Perché sono brividi quelli che si percepiscono durante “Fly”, “Heart Baby”, la lunghissima “Feather”, con due minuti finali a dir poco paradisiaci. Un disco da ascoltare con pazienza, in un lungo raccoglimento teso a carpirne ogni minima sfumatura, una melodia di flauto, lo scorrere di un ruscello, solenni aperture ambient, loop elettronici, vocalizzi eterei... Tutto questo è “Ghost”, una lavoro in cui tutto assume una dimensione spirituale, dove un'apparente staticità di fondo deve solo essere messa a fuoco, rivelando poi una miniera di passaggi da pelle d'oca. “Monsoon”, “Texada”, la liquida “Infinite Ocean”, non chiedono altro che la vostra completa dedizione, sapendo di potervi ripagare alla grande.
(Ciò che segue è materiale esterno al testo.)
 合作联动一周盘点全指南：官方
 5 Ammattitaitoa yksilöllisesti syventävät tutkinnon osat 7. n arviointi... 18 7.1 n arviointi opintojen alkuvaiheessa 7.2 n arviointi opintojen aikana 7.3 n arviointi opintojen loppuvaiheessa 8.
Fortunatamente non tutti i settantadue minuti sono così impegnativi, Devin ci da occasione di rilassarci brevemente con la struggente ballata “Kawaii”, la frizzante “Ghost” e “Blackberry”, dal carattere tipicamente country, in cui il nostro si cimenta col banjo, senza tradire lo spirito dell'album. Pezzi più diretti che, nonostante tutto, mantengono inalterato l'alone mistico del disco.

Fondamentali in questo senso gli ospiti presenti, non “roboanti” come quelli in “Deconstruction”, ma decisamente più funzionali: il polistrumentista Dave Young (tastiere e mandolino), Mike St. Jean alle pelli, Kat Epple al flauto e Katrina, la bravissima vocalist che accompagna Devin per tutta la scaletta di “Ghost”. Un lavoro ideale per rilassarsi, provare forti emozioni, per ritornare finalmente a sentirsi appagati dopo l'ascolto di un disco. Ultimo capitolo ed ennesimo centro per il “Devin Townsend Project”, l'ennesima dimostrazione della bravura di questo grandissimo artista. Cosa ci riserverà il futuro? Devin ha già accennato un nuovo progetto, un possibile “Ghost 2”, oltre a un nuovo capitolo (svelato tempo fa) della saga dell'alieno amante del caffè Ziltoid. Noi staremo a vedere, certi che di qualunque cosa si tratti, il buon Devin non mancherà di stupirci.